Exploring the once mighty Shardah temples
Somewhere in the 11th century, a scholar Hema Chandra was compiling an encyclopedia of contemporary social sciences in the Darbar of Hindu Raja Jia Semha of Gujrat. The scholar was having difficulty in finding some critical information so he sent in a request to the Raja for an audience. The good old scholar told the Raja that to complete his seminal research, he’d need access to some rare books, available only in the libraries of a University far in the mountains of Kashmir. Raja Jia Semha commissioned a delegation to the Raja of Kashmir right away. After months of travelling through plains, jungles, ravines and mountains, the scholar reached the court of Raja of Kashmir, who graciously allowed the scholar to travel onwards to the University up in the Kishan-Ganga valley, to a place called Shardah.
As we set out from Muzaffarabad to Neelum valley, the drive was picturesque along the turquoise blue waters of Neelum or Kishan-Ganga River, surrounded by tall, dense pine trees. The road is pretty reasonable and there are nice stopovers for chai and snacks along the route. The whole valley is heavily guarded as it is quite close to the Indian Occupied Kashmir.

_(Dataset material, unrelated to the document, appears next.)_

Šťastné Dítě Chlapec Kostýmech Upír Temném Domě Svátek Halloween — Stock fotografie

In around four hours from Muzaffarabad, and after crossing Jagran nullah, Kuttan, Athmuqam and Keran, we finally reached Shardah. To reach Shardah town, we had to cross the Neelum River via a suspension bridge, good only for one vehicle at a time. Once in the town, we parked our car in the bazaar, asked the locals about the whereabouts of the Shardah temples, and set off towards a wide gorge in the direction of the Indian border. We had reached a bit deep into the gorge, when a few giggling school children informed us that we had left the Shardah temples far behind us.
We eventually turned back. When we reached the upper limits of the bazaar, a gentleman pointed us to the direction of the Shardah ruins. In another couple of minutes we were standing in front of the sixty-three step stairs made with huge chiseled boulders. The number sixty-three is very significant in Hindu mythology. To this date some tribes in India decorate elephant crowns with sixty-three jewels during religious processions. The upper floor opened into a small ancient walled compound. At the centre of the compound stood the huge temple with all four walls intact but without a roof above it. Some of the boulders used to build the walls were more than six feet in length. I saw the use of similar boulders in Tulaja Fort near Sakesar last year and the knowledge still amazes me.

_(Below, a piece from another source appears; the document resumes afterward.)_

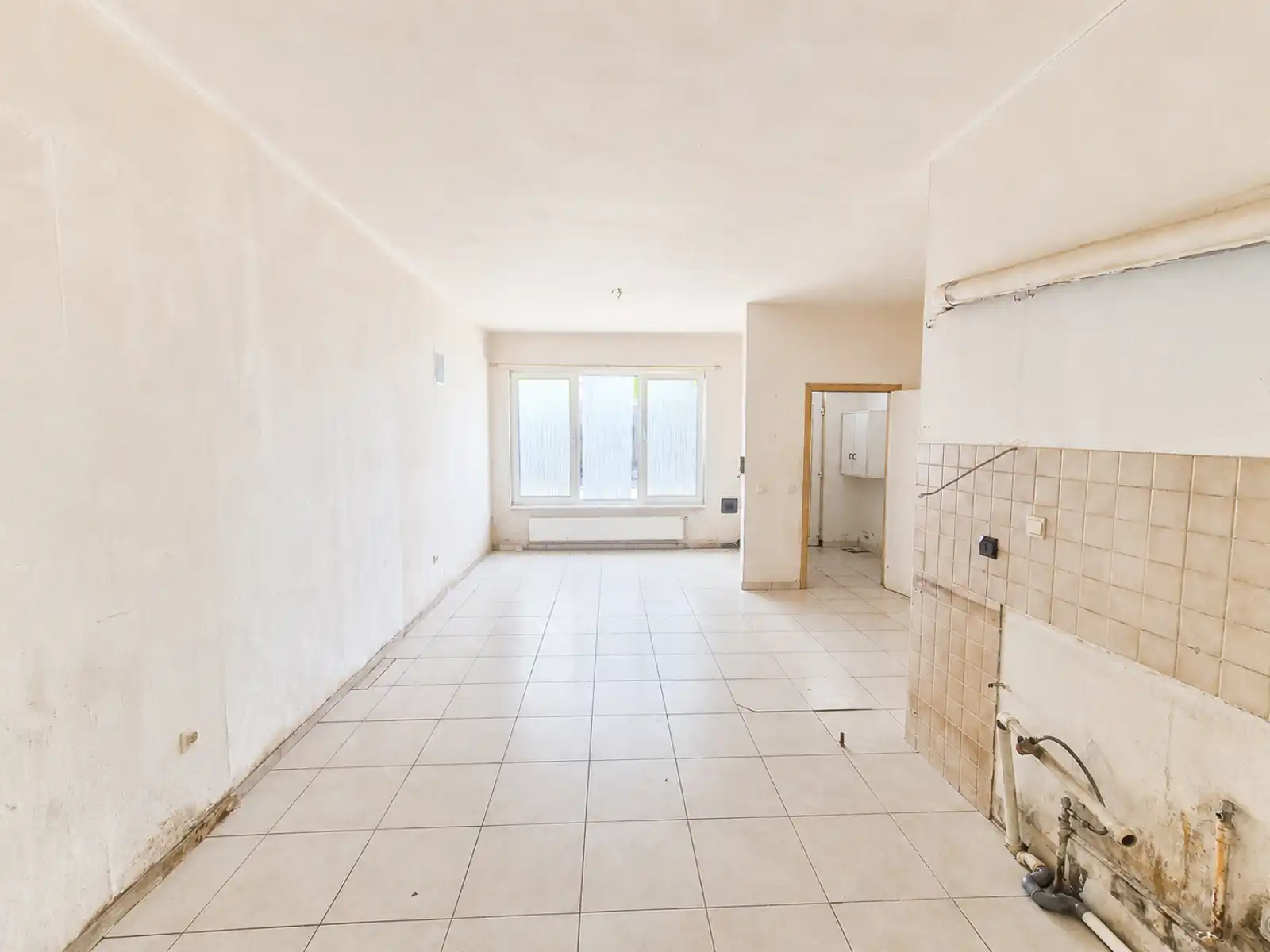 Te renoveren eigendom in het centrum van Ninove foto 3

Some researchers believe that these are the remains of some Hindu temples, whereas others think these temples were part of a larger complex, essentially a seat of learning or university.
There are varying views on the origin of the Shardah temples. Some researchers believe that these are the remains of some Hindu temples, whereas others think these temples were part of a larger complex, essentially a seat of learning or university. Similarly, according to some references the Shardah temples were established around the First Century AD, while other more plausible theories state that this happened around the Eighth Century AD. The temples had a pond filled with sulphur water from a nearby fountain, known as the ‘healing pond.’ The pond is not there any longer. According to one myth, it was in these temples that the right hand of Hindu Goddess Sati fell off, while she was descending from the skies. There was a time when Hindu pundits would travel across the difficult terrain to pay homage to the Shardah temples annually.
We took our time exploring the temples but the time eventually came when we had to bid farewell to them and head back to the bazaar. On our way back we stopped by at the Neelum River bank and enjoyed our lunch while looking at the calm, blue waters of the river. The river is slow and peaceful here and the suspension bridge gives a beautiful backdrop. There are a number of government guest houses and second-tier hotels in the area, making it easier for the tourists to stay and enjoy the serene landscape. Shardah is also the launching pad for the jeep trek that can take you to Jalkhad in Naran Valley in about five hours, however, it is a tough trek and should only be ventured into with experienced drivers.
Better regulation to promote sustainable tourism, coupled with general awareness of the heritage, can be good for economic development in Neelum Valley.